■ EXERCISE REQUIREMENTS: Take the lines from the beginning of the data below through the line holding "別珍スカジャン 虎×鷹 ビンテージスカジャン 刺繍 リバーシブル 50's" and return exactly those.

(Short web captions)
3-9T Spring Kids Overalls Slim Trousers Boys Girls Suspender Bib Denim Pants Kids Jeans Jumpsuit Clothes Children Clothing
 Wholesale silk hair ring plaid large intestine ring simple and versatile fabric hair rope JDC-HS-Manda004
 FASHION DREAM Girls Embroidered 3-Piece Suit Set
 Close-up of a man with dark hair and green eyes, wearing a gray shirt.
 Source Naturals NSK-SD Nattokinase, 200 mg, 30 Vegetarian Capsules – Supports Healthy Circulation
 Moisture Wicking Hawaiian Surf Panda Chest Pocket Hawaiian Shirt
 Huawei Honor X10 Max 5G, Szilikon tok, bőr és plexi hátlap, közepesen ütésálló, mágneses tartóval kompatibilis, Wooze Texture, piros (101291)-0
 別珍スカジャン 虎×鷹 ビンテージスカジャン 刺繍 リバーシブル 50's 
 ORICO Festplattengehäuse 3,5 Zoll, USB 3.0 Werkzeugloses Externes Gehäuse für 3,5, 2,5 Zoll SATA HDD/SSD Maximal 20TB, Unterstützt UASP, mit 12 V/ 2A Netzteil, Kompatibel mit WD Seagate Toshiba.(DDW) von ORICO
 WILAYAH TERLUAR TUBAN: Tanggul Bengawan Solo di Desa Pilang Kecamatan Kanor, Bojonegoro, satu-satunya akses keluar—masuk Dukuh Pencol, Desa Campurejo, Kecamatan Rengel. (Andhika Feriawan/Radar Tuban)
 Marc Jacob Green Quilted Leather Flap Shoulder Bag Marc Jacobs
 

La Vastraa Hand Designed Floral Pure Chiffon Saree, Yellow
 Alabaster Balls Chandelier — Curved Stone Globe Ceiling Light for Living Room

■ WRITTEN ANSWER:
3-9T Spring Kids Overalls Slim Trousers Boys Girls Suspender Bib Denim Pants Kids Jeans Jumpsuit Clothes Children Clothing
 Wholesale silk hair ring plaid large intestine ring simple and versatile fabric hair rope JDC-HS-Manda004
 FASHION DREAM Girls Embroidered 3-Piece Suit Set
 Close-up of a man with dark hair and green eyes, wearing a gray shirt.
 Source Naturals NSK-SD Nattokinase, 200 mg, 30 Vegetarian Capsules – Supports Healthy Circulation
 Moisture Wicking Hawaiian Surf Panda Chest Pocket Hawaiian Shirt
 Huawei Honor X10 Max 5G, Szilikon tok, bőr és plexi hátlap, közepesen ütésálló, mágneses tartóval kompatibilis, Wooze Texture, piros (101291)-0
 別珍スカジャン 虎×鷹 ビンテージスカジャン 刺繍 リバーシブル 50's 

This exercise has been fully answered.